Georgian parliament passes controversial regulation bill, which annuls responsibility of central bank to supervise financial institutions

Photo by: AA
Photo by: AA

Updated Jul 28, 2015

The Georgian parliament on Friday passed a bill that would strip the central bank of its supervisory functions over banks, a move critics say could erode its independence.

The proposed law, which was passed by 80 votes to 19 and would transfer banking supervision to a separate agency, has been criticised by international financial institutions, business associations, opposition parties and civil society groups.

President Georgy Margvelashvili has indicated he would veto it, although the ruling coalition can overturn his veto as it holds a majority in the parliament.
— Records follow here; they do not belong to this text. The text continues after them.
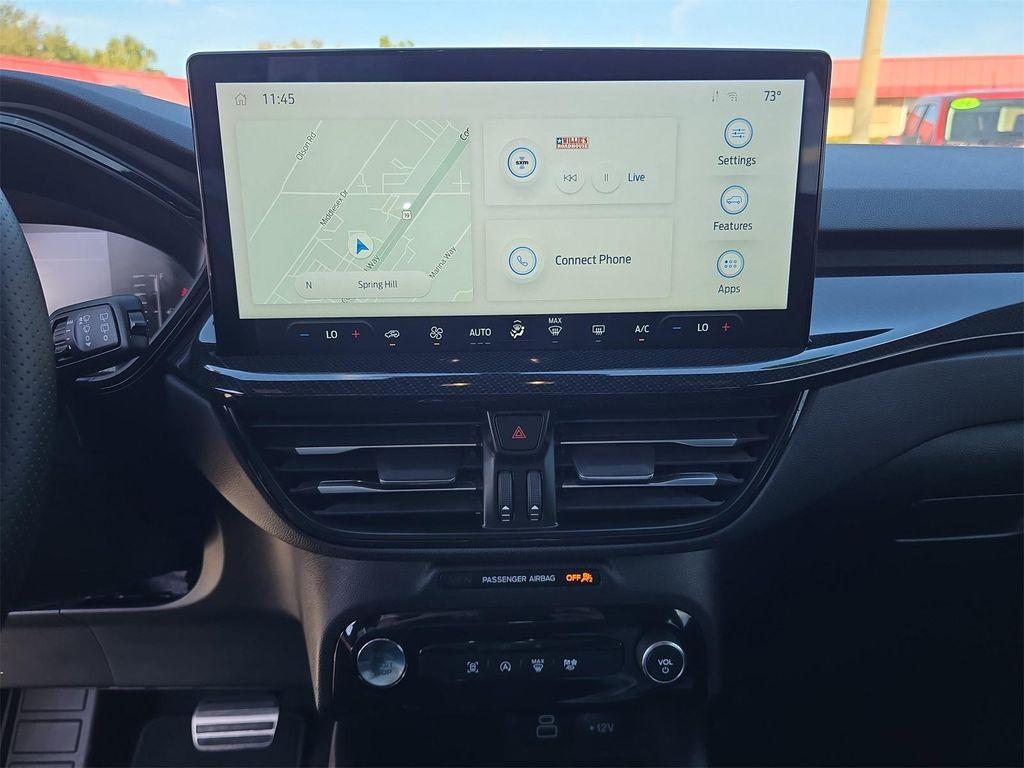 used 2024 Ford Escape car, priced at $23,892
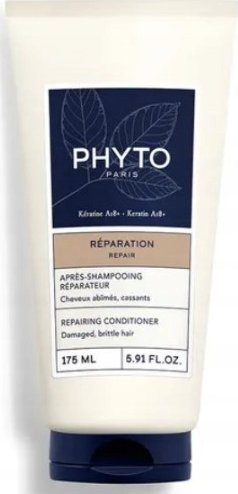 Balsam rigjenerues flokësh Phyto Repair, 175ml, për flokë të dëmtuar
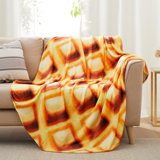Round Wrap Blanket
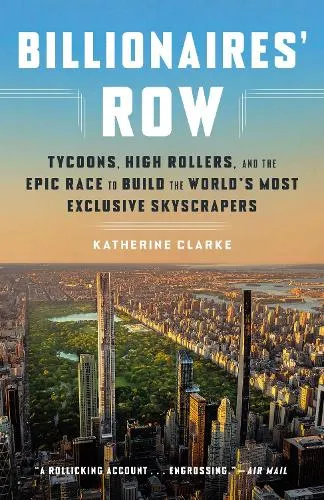 Katherine Clarke Billionaires' Row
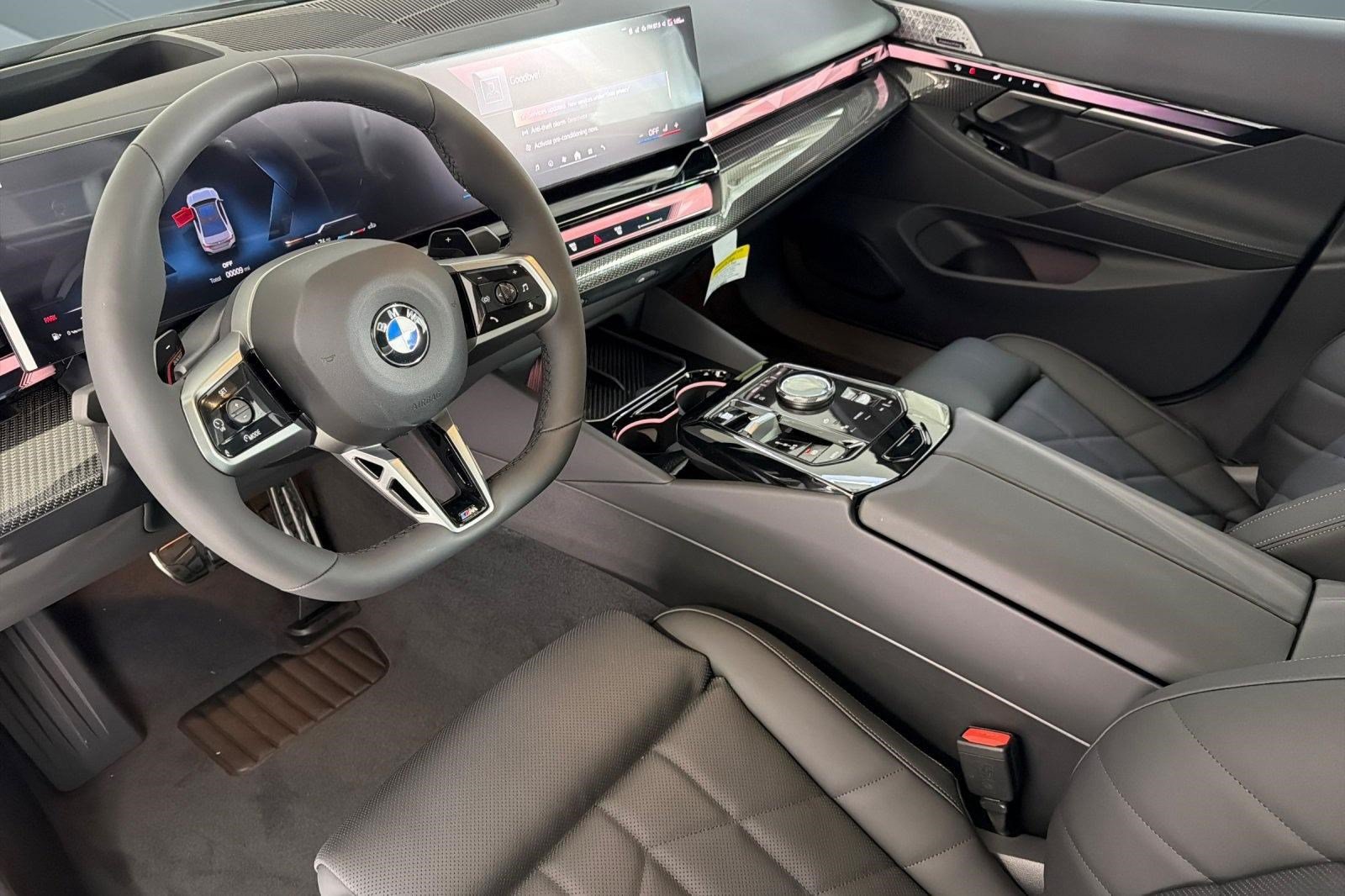 New 2027 BMW 540i xDrive Sedan
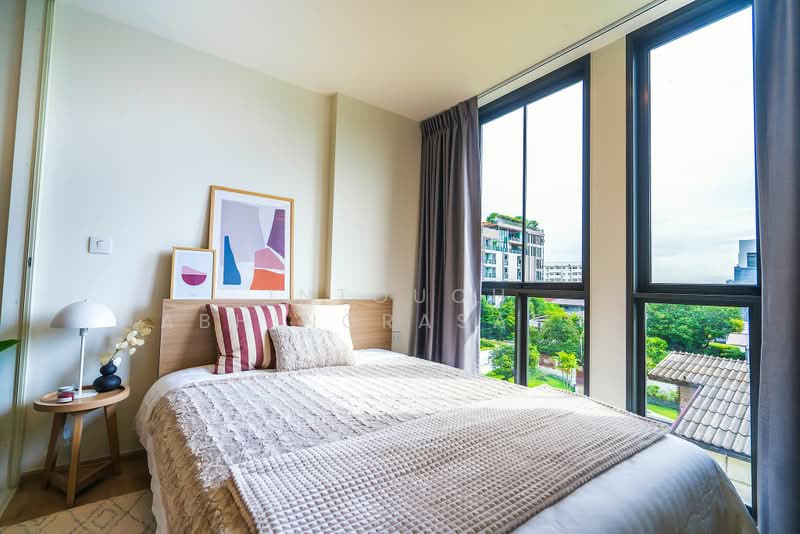 Chambers On-Nut Station, Bangkok, Soi Sukhumvit 81, Sukhumvit Road, Phra Kanong Nua, Watthana, Bangkok, 1 Bedroom, 27 sqm, Condo For Sale, by Intouch Abhinorasaeth, 500374167 - DDproperty.com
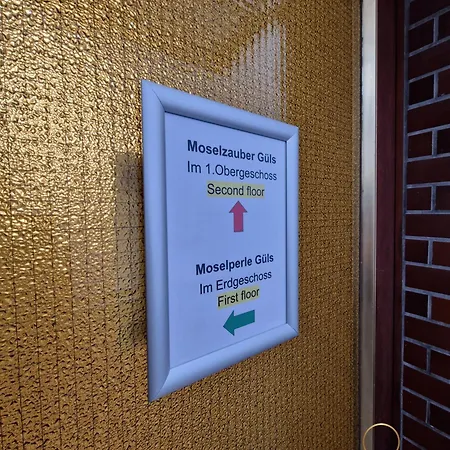 Moselperle Guels Apartament Koblencja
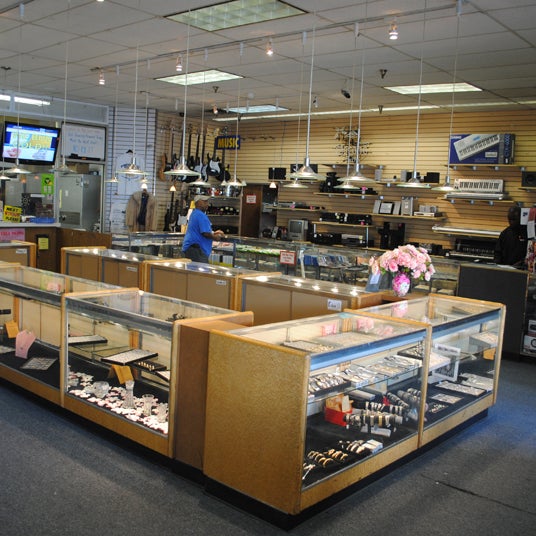 Top dollar pawn & on sale jewelry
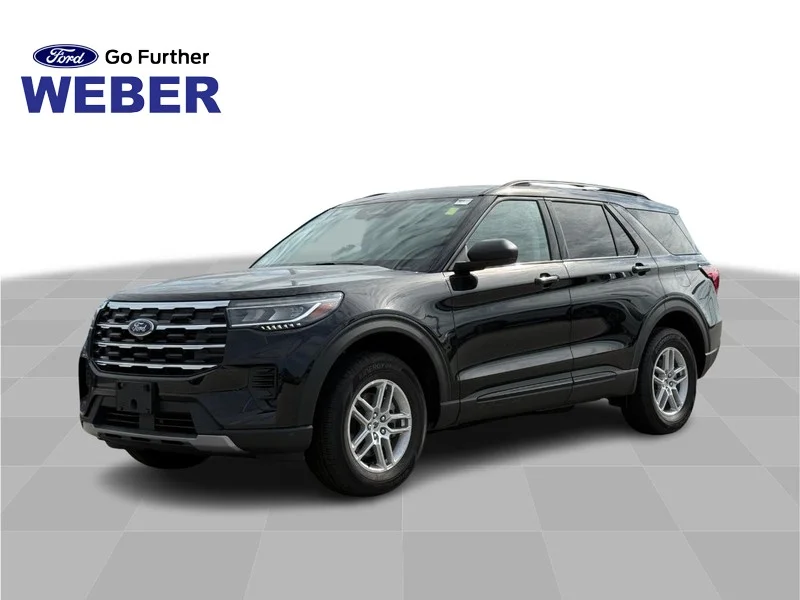 2026 Ford Explorer Active 4WD's photo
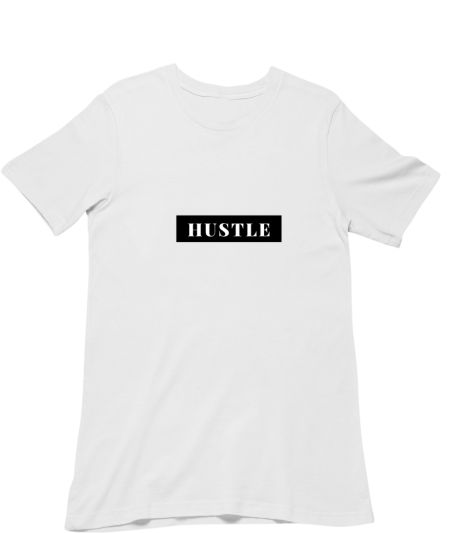 Hustle Tee|| The INFINITEYY  Classic T-Shirt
The new agency would be in charge of monitoring and oversight of the banking sector and other financial institutions, functions currently carried out by the central bank.

The agency is expected to be governed by a seven-member board, where the central bank's president and one other member of its board would take two seats. Five other seats would be occupied by candidates nominated by the government and confirmed by the parliament.

Senior politicians in the ruling Georgian Dream coalition have criticised central bank chief Georgy Kadagidze, the only high-ranking official left from the administration of former president Mikheil Saakashvili.

The government denies the proposal is politically motivated.

The former Soviet republic's economy has been battered by a plunge in the Russian rouble and the conflict in Ukraine. Declining foreign investment and lower exports and remittances are also contributing to a rising current account deficit.

"Such an experiment can seriously harm the banking sector, as well as the stability of the financial system," said David Onoprishvili, an opposition member of parliament.

The International Monetary Fund, European Bank for Reconstruction and Development, Asian Development Bank and World Bank have called on Georgia to keep banking supervision inside the central bank.

"We believe that enacting the amendments ... would weaken the independence and quality of banking supervision in Georgia, threaten banking sector stability, and undermine prospects for sustained growth," the institutions said in a letter to the prime minister and parliamentary speaker.